| name | Asyncio Programming |
| description | Master asynchronous programming with asyncio, async/await, concurrent operations, and async frameworks |
| version | 2.1.0 |
| sasmp_version | 1.3.0 |
| bonded_agent | 05-async-concurrency |
| bond_type | PRIMARY_BOND |
| retry_strategy | exponential_backoff |
| observability | [object Object] |
Asyncio Programming
Overview
Master asynchronous programming in Python with asyncio.

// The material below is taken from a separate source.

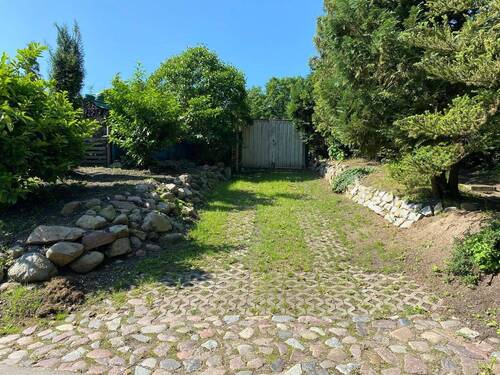 Einfahrt Frontseite -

Learn to write concurrent code that efficiently handles I/O-bound operations, build async web applications, and understand the async/await paradigm.
Learning Objectives
- Understand asynchronous programming concepts
- Write async functions with async/await syntax
- Manage concurrent operations with asyncio
- Build async web applications
- Handle async I/O operations efficiently
- Debug and test async code
Core Topics
1. Async/Await Basics
- Understanding coroutines
- async/await syntax
- Event loop fundamentals
- Running async functions
- Async vs sync execution
- Common pitfalls
Code Example:
import asyncio
import time
# Synchronous version (slow)
def fetch_data_sync(url):
print(f"Fetching {url}...")
time.sleep(2) # Simulating network delay
return f"Data from {url}"
def main_sync():
urls = ['url1', 'url2', 'url3']
results = []
for url in urls:
data = fetch_data_sync(url)
results.append(data)
return results
# Takes 6 seconds (2 * 3)
start = time.time()
main_sync()
print(f"Sync took: {time.time() - start:.2f}s")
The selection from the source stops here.